«Дикая земляника. Кажется, я становлюсь сентиментальным, а может быть, я просто устал и впадаю в некоторую меланхолию… Что тут такого, когда человек невольно предаётся воспоминаниям о тех местах, где он играл ребёнком. Не знаю, как это произошло, но ясные краски дня сменились ещё более отчётливыми образами, вставшими из памяти и явившимися перед моими глазами так живо, будто я наблюдал реальные события…»
Мои воспоминания (вернее, воспоминания моего русского друга) связаны совсем с другой ягодой. Но если одному очень известному шведу[1] удалось оживить давно минувшие моменты, вернуть им живой аромат и умудриться раскрасить их яркими красками, совсем при этом не прибегая к цветной палитре, так почему то же самое не может совершить никому не известный мегрел. Я не ставлю знака вопроса, потому как вопроса никакого и нету. Нет надобности мне его задавать. Просто хочется искренне верить, облачившись, как в латы, железной надеждой, что он (тот самый мегрел, то есть я) тоже может, что никого ещё не подводила эта неразлучная (если она неразлучная) троица – Вера, Надежда, Любовь, – а я ведь действительно очень полюбил Черешенки Юркиного детства. Да и известность здесь совсем ни при чём.
Ягоды достаточно выспели, они даже уже сорваны. Мне остаётся лишь сварить из них такое варенье, вкусив которое в будущем, внутренний взор не сможет поспевать за всплывающими образами, а язык будет то и дело обманываться в их оазисной реальности и путать прошлое с настоящим, рассказывая историю Черешенок то от лица мальчишки, то от взрослого лица, но, по сути, того же самого мальчишки. И будет там очень много «почему-то» и «зачем-то», как и положено в любом любознательном детстве.

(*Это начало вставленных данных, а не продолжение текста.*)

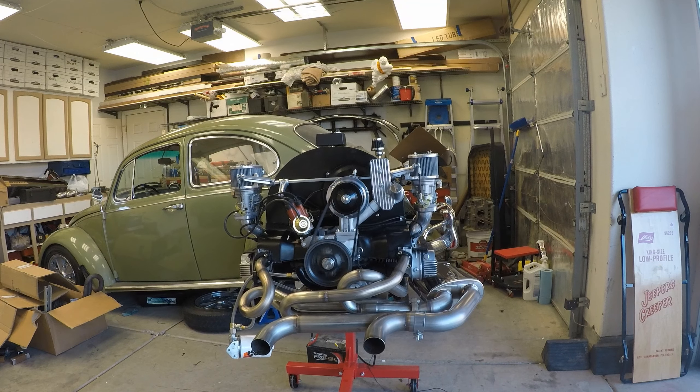I've got the fuel line plumbed right into the bug, so click on the bug for the electric fuel pump. Flip the on switch, give it a pump, flip the on switch — and she fires right up.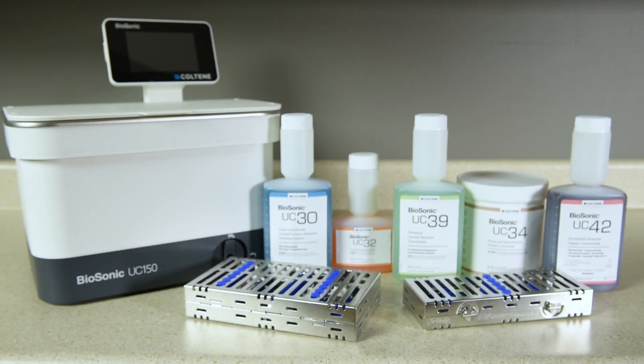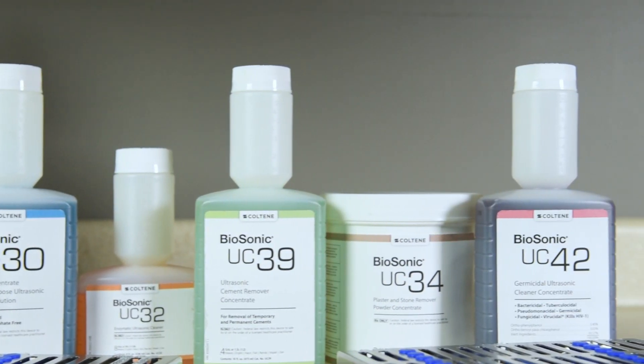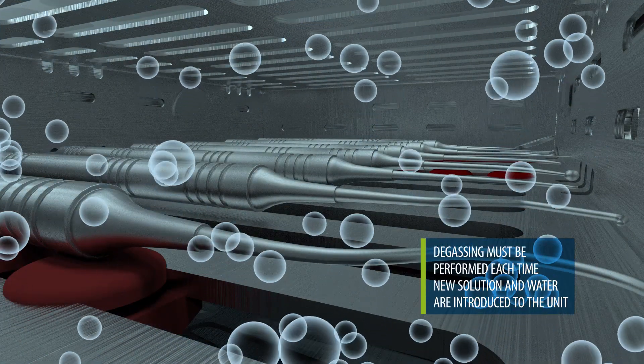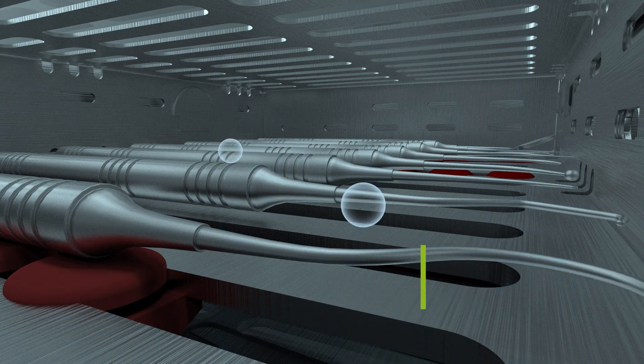Degassing is a process that eliminates large air bubbles in a solution that interfere with a cleaning process. Before cavitation can become effective in an ultrasonic cleaner, the gas trapped in the liquid must be removed. If it's not removed, the cavitation bubbles will fill with gas, cushioning the implosion force.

Во всяком случае я попробую сварить это варенье, а уж вам судить после, какой из меня словесный повар. Одно знаю точно: что, пригубив даже всего лишь ложечку, вы обязательно почувствуете давний, очень знакомый вкус, который ничем перебить невозможно. Это вкус того самого тянучего времени, когда кажущаяся сложность окружающего мира совсем не пугала; её замысловатое, порой таинственное величие словно бы разваливалось перед логикой широко раскрывшего глаза юного человечка. А логика эта до того проста и от того так пугающе разрушительна для сотканного из сомнений и страхов взрослого сознания.
«Видеть. Удивляться. Радоваться». Даже в самый ненастный день повзрослевшие глаза с потухшими внутри искрами от некогда день и ночь горящих бенгальских огней приобретают странную способность недоверчиво щуриться, будь перед ними хоть слон с павлиньей головой, хоть фиолетовый рассвет, отражающийся на зелёном снегу. Большинство из нас останавливается на «Видеть», мало кто дотягивает до «Удивляться», а о «Радоваться» говорить – всё равно что о вымерших динозаврах всерьёз рассказывать.